(MATERIAL PROVIDED)

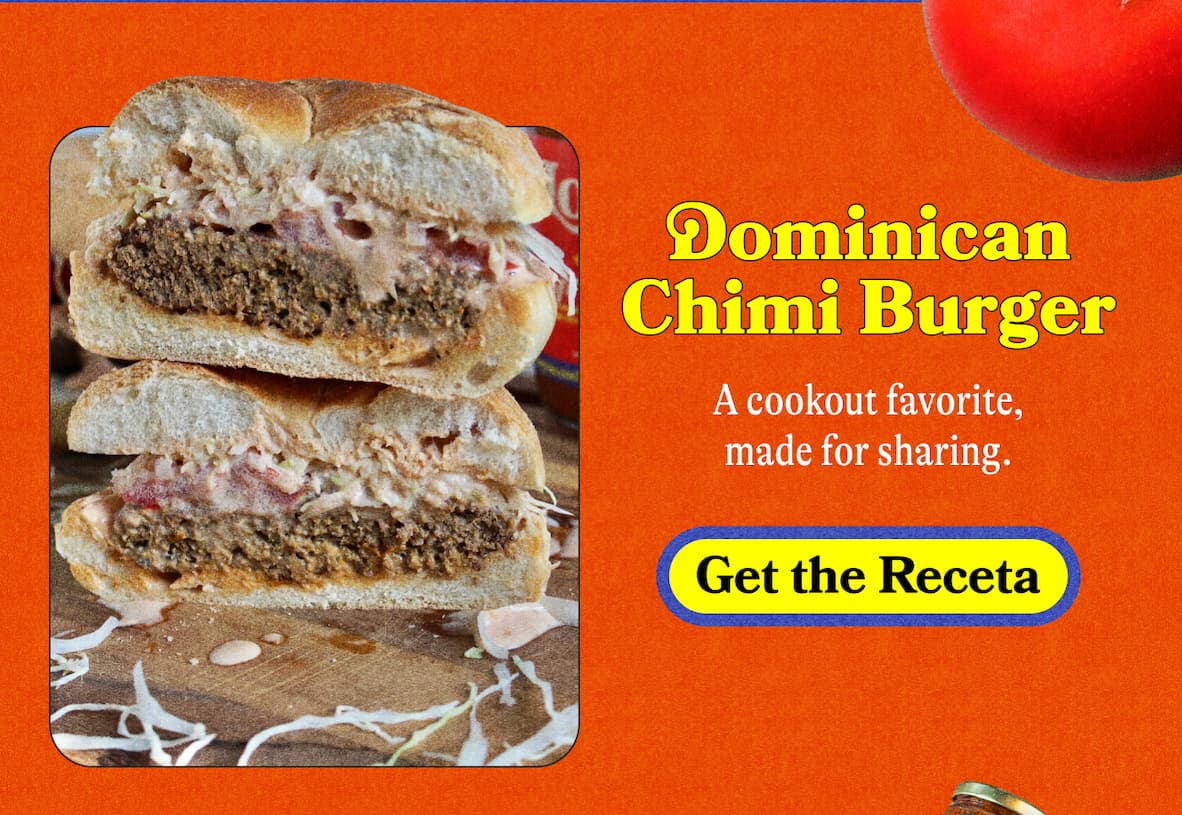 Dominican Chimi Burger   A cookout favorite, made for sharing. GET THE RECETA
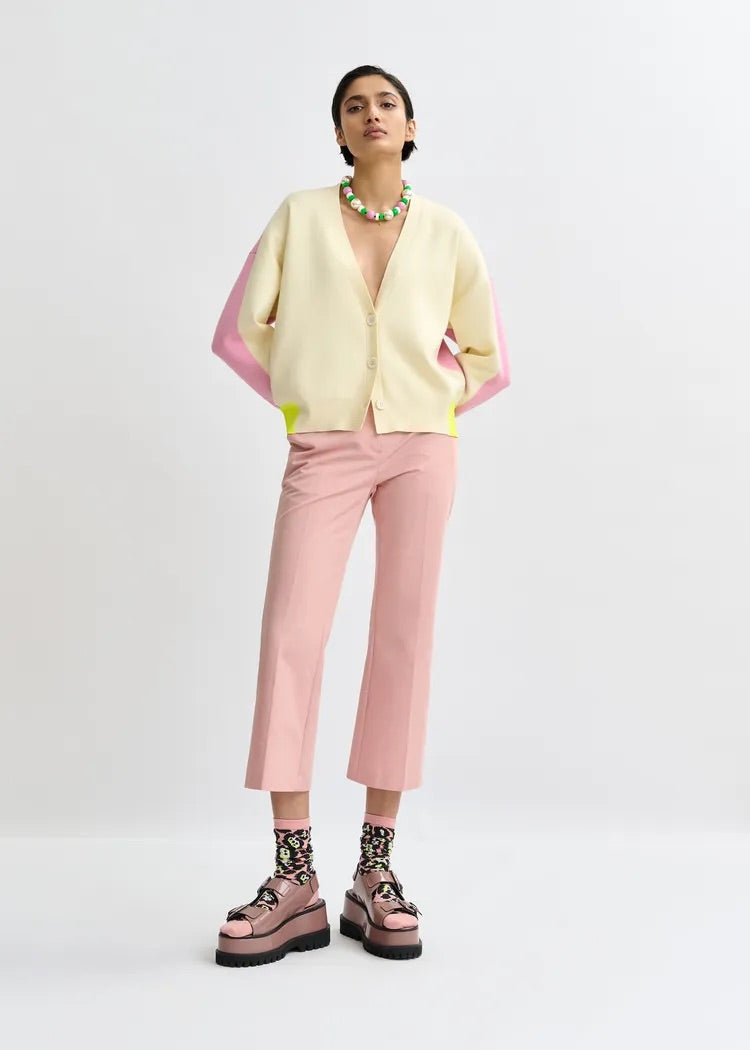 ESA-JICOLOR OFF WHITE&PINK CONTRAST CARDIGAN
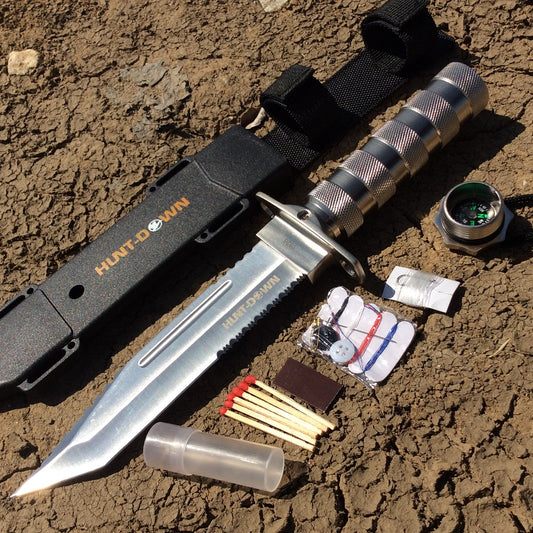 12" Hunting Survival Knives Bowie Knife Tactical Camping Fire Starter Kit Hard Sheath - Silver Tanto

(End MATERIAL PROVIDED)

EXERCISE OBJECTIVE | Write the data out again word for word; leave the pictures behind.

YOUR SOLUTION |
 Dominican Chimi Burger   A cookout favorite, made for sharing. GET THE RECETA
 ESA-JICOLOR OFF WHITE&PINK CONTRAST CARDIGAN
 12" Hunting Survival Knives Bowie Knife Tactical Camping Fire Starter Kit Hard Sheath - Silver Tanto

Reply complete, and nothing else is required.